1975 dans une commune rurale du Sud de la Chine. La Révolution culturelle touche à sa fin, un an avant la mort de Mao, pour un an encore Grand Timonier d’une Chine qu’il a portée en ébullition. De notre partenaire Rue 89.

Wang Xiaoshuai, un réalisateur chinois indépendant agé de 45 ans, à qui on doit déjà plusieurs réalisations marquantes – « Beijing Bicycle », devenu un grand classique, ou « Shanghai Dreams » (en compétition officielle à Cannes en 2005) –, raconte cette époque à travers le regard d’un enfant de 11 ans qui lui ressemble beaucoup.
L’individualisme nié
Wang Han, cet enfant qui arbore fièrement son foulard rouge de « pionnier » communiste, vit intensément cette enfance bercée par la révolution. Un événement bouleverse sa vie : avec ses camarades, il assiste à la chasse à l’homme d’un meurtrier, avant d’être lui-même happé par cette histoire qui oppose la loi à la morale.
Dans ces années turbulentes, Wang Han a la chance d’avoir un père qui lui inculque quelques valeurs fortes, notamment en passant par la peinture, celle des fleurs qui donnent son titre au film, dont aucune n’est semblable à l’autre, symbole de l’individualisme nié par le tourbillon révolutionnaire.
Dans une Chine qui considère l’histoire récente comme un immense tabou inviolable, surtout d’un point de vue intime, le film de Wang Xiaoshuai sonne juste, avec une sensibilité remarquable, sans angélisme ni fausse naiveté.
Cet enfant de la Révolution culturelle, c’est la génération des quadras d’aujourd’hui, marqués par des événements qui les dépassaient, mais leur a forgé le caractère. Cela permet, aussi, de comprendre la Chine actuelle.
bande-annonce de « Onze fleurs »
De passage à Paris fin avril, Wang Xiaoshuai a répondu à nos questions.
Rue89 : Quelle est la part autobiographique dans « Onze fleurs » ?
Wang Xiaoshuai à Paris, avril 2012 (Pierre Haski/Rue89)
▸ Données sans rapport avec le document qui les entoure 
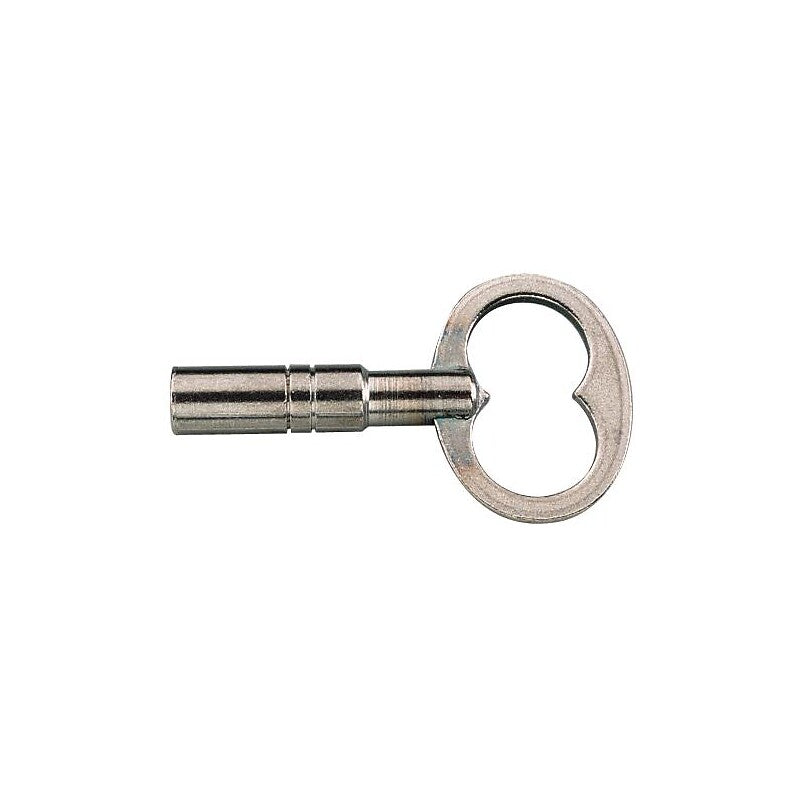 Clé à carré femelle 6 mm pour crémones. materiel.ci - Côte d'Ivoire, c'est la boutique en ligne qui simplifie vos achats de quincaillerie en Côte d'Ivoire. trouvez tout ce dont vous avez besoin pour vos projets de bricolage et de construction.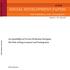 Accountability in Poverty Reduction Strategies: The Role of Empowerment and Participation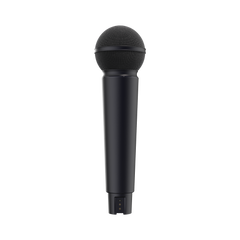 Hollyland MELO P1 Combo All in one wireless audio system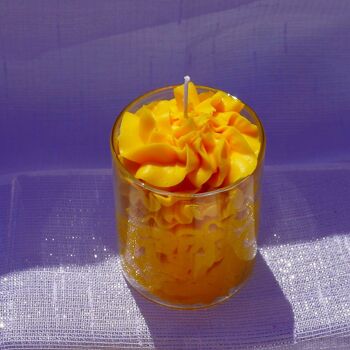 Mini Banane A'Poire 1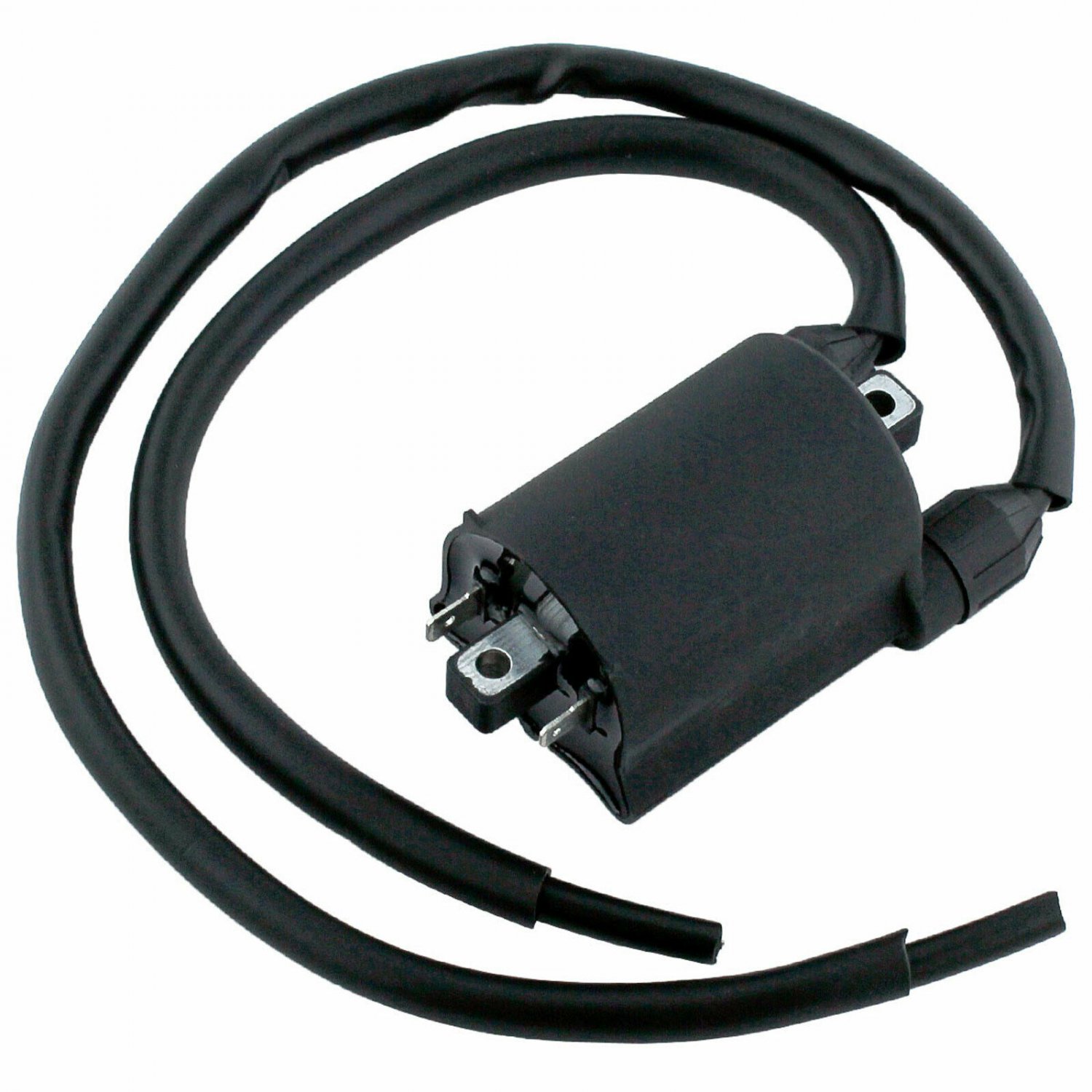 IGNITION COIL FITS HONDA 30510-MCC-003 30510-MM8-003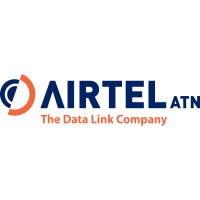 Airtel Atn Plc (Formerly Retix)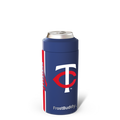 Universal Minnesota Twins Gameday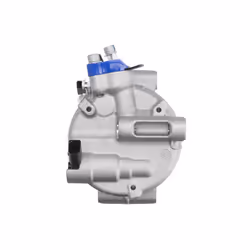 Compresseur de climatisation VALEO CORE-FLEX VALEO 690021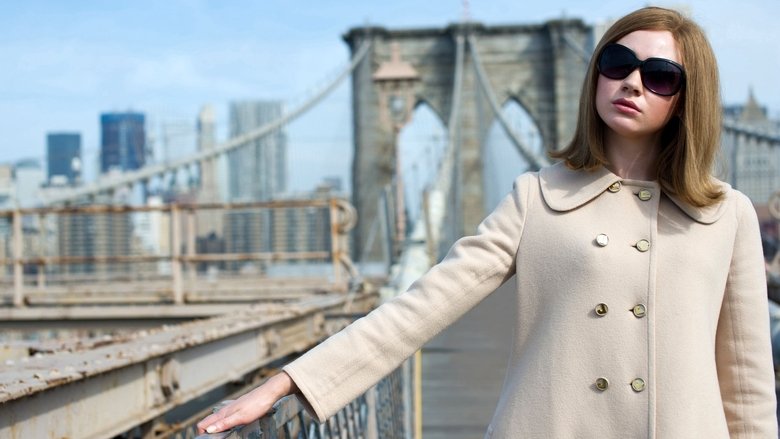Backdrop image for movie We'll Take Manhattan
Wang Xiaoshuai : Dans la première partie du film, il y a de nombreuses scènes liées à des expériences personnelles. Mon père m’a enseigné la peinture, nous étions quatre copains de classe inséparables comme dans le film, et j’ai eu une mésaventure de chemise emportée par la rivière : je n’osais pas rentrer à la maison…
J’ai aussi un souvenir, en compagnie de mes camarades de classe, d’avoir vu un fuyard poursuivi. Nous l’avons vu se faire arrêter, avec l’aide de profs et de certains élèves. Le fuyard m’a regardé fixement un instant. Ça m’a marqué.
Comme dans le film, encore, mes parents avaient été déplacés de Shanghai vers l’intérieur pendant la Révolution culturelle. Ma mère était ouvrière et son usine avait été délocalisée. Mon père, qui enseignait à l’Institut théâtral de Shanghai, a suivi. Après la Révolution culturelle, mon père est entré dans l’armée pour pouvoir revenir dans une grande ville avec sa famille, et nous avons vécu à Wuhan.
Mais ce film est une fiction, je le dis clairement.
Pourquoi revenir aujourd’hui à cette période historique ?
C’est un projet et un scénario que je porte depuis que je suis réalisateur. Mais à l’époque, il y avait trop de difficultés : je n’aurais pas été soutenu. En Chine, parler de tels événements avec un point de vue personnel, ça ne se fait pas ! Ou très rarement. On n’accorde pas d’importance à une telle approche. Et on m’aurait dit que ce n’est pas assez commercial.
Pour moi, au contraire, c’est ce vécu personnel dans l’Histoire avec un grand « h » qui m’importe.
J’ai toujours espéré pouvoir réaliser ce film. Aujourd’hui, après « Shanghai Dreams », je me sens plus fort et, avec le soutien de la France, j’ai eu cette opportunité de monter ce projet.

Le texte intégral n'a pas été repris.